Advanced Program Analysis Using Declarative Languages

Project

Description
Analyzing programs automatically is an activity in the heart of Computer Science research. Program analysis is fundamentally very hard, as most involved analyses are either undecidable (i.e., mathematically impossible) or intractable (i.e., requiring an astronomically long time to complete). As a result, analyses have high complexity due to their need to achieve efficiency. We propose to implement advanced program analysis algorithms using purely declarative specifications. Such declarative specifications are much easier and more succinct than typical implementations of program analyses, since they concentrate on what the analysis needs to compute and not on how it does so.
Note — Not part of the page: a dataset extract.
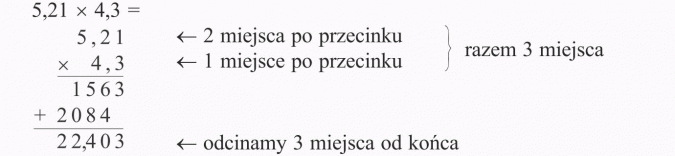 Mnożenie ułamków dziesiętnych. 2 miejsca po przecinku, 1 miejsce po przecinku, razem 3 miejsca, odcinamy 3 miejsca od końca.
In our past work we have shown that declarative specifications of points-to analyses not only are easy to define, but also admit aggressive optimization. As a result of our optimization methodology, our work has demonstrated very large (often more than 10x) performance improvements compared to traditional imperative or semi-declarative implementations of points-to analyses. In the proposed work, we plan to employ similar declarative specifications for higher-level analyses than mere points-to analysis and to languages with different features and characteristics. Specifically, we intend to declaratively specify program analyses that are necessary for security (e.g., information leakage analyses), for error detection (e.g., race or deadlock detection in multi-threaded programs), and for optimization (e.g., cast check removal). We also plan to explore languages such as JavaScript (which has strong functional features) in addition to more standard languages like Java. With this work the applicant will transfer his expertise in program analysis to the host institution. Additionally, the proposed work will reintegrate in Europe an applicant with substantial academic experience at multiple US institutions, directly enhancing European scientific excellence.